Uma instrução que diz que o olhar pode enganar naturalmente fascinou os pintores que perceberam nessa formulação um indício de revelação de certos segredos da arte da pintura. Através dos dispositivos próprios da arte que esconde e dá a ver, alguns encenaram este encontro outros mencionaram só a ideia, em formas diversas de acordar a memória. Dai Jin (1388-1462) aludiu a esse relato pintando, num rolo vertical um homem, envergando os trajes próprios de um imperador, caminhando entre montanhas (cor e tinta sobre seda, 210,5 x 83 cm, no Museu do Palácio, em Pequim). Possivelmente se lhe perguntassem, o caminhante diria que estava à procura de nada, só assim poderia encontrar o Dao. Mas, na dinastia Ming, um pintor quis tornar visível, num discreto rolo horizontal aquele encontro, da ordem do sagrado, que Dai Jin só se atreveu a recordar por uma elipse.

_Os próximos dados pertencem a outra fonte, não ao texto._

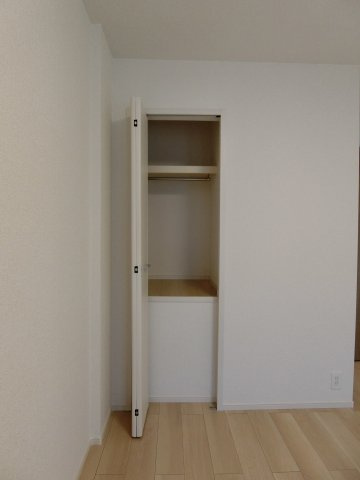 アーモンドアイの収納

Shi Rui, activo na primeira metade do século XV, nascido em Qiantang (actual Hangzhou, Zhejiang), foi um pintor da corte no tempo dos imperadores Xuande (1426-1435) até Jingtai (1449-1457). O seu meticuloso trabalho do pincel, herdeiro do estilo em voga nas dinastias Sui e Tang, seria reprovado pelos intelectuais amadores que buscaram a verdade da arte no puro traço caligráfico, e por isso foi sendo abandonada pelos cânones mas talvez mereça um novo olhar. Essa pintura (32 x 152 cm) que está no Museu do Palácio Nacional, em Taipé, é dela um significativo exemplo. Desenrolando-a vê-se, depois de uma construção mostrada em todos os seus sedutores detalhes, numa clareira a meio de uma montanha abruptamente inclinada, frente a frente os dois protagonistas. Um dos quais enverga um traje da cor qing, símbolo da transformação, está sentado num tronco de um pinheiro, rodeados por nove jovens servidores, o número do céu e da mutação. Continuando a observação do rolo para a esquerda, depois de um grupo segurando símbolos, chegaremos a avistar afundado entre a névoa um edifício, de novo com todos os seus pormenores mas que aqui, porque envolto em nuvens, não é inteiramente visível. Desconstruindo-se, dir-se-ia uma aceitação do enunciado do sábio: «não é o que vês.»